_WHAT TO PRODUCE:_
In the entries below, begin at the line that has "Rooms & Studio", stop after the line that has "New 2025 Lincoln", and output those lines exactly with no pictures.

_EXTRACTED ENTRIES:_
========================
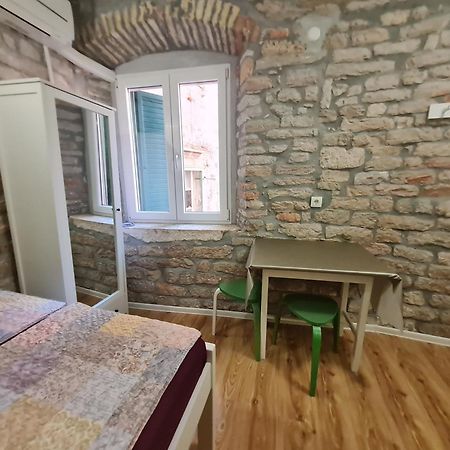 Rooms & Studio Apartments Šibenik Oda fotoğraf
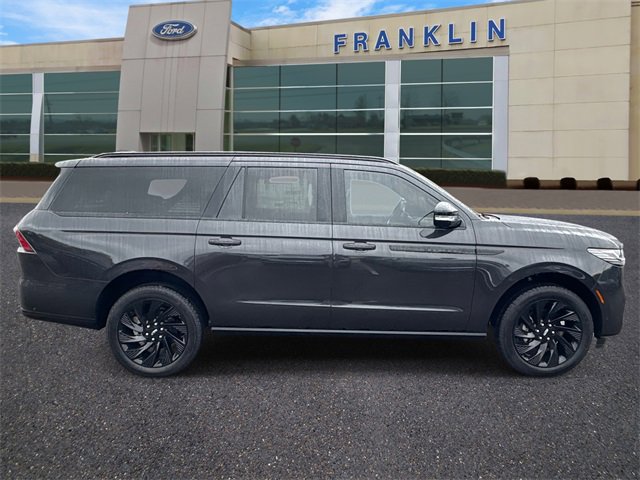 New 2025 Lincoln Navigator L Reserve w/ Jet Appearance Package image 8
========================
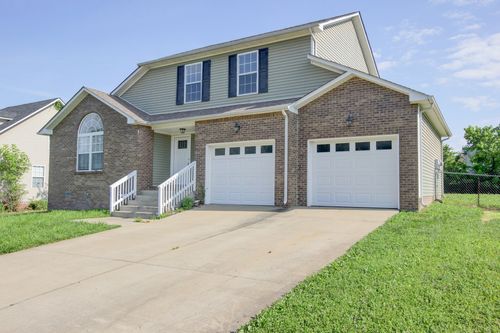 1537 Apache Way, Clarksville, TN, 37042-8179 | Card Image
========================
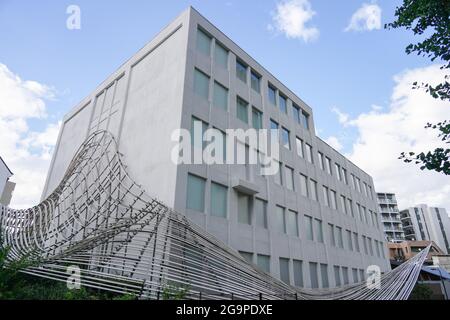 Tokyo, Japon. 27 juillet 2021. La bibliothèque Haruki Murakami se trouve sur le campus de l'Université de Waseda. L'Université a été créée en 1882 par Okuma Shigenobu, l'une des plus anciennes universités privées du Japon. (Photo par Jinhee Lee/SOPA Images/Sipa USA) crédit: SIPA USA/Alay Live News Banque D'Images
========================
_FINISHED TASK:_
 Rooms & Studio Apartments Šibenik Oda fotoğraf
 New 2025 Lincoln Navigator L Reserve w/ Jet Appearance Package image 8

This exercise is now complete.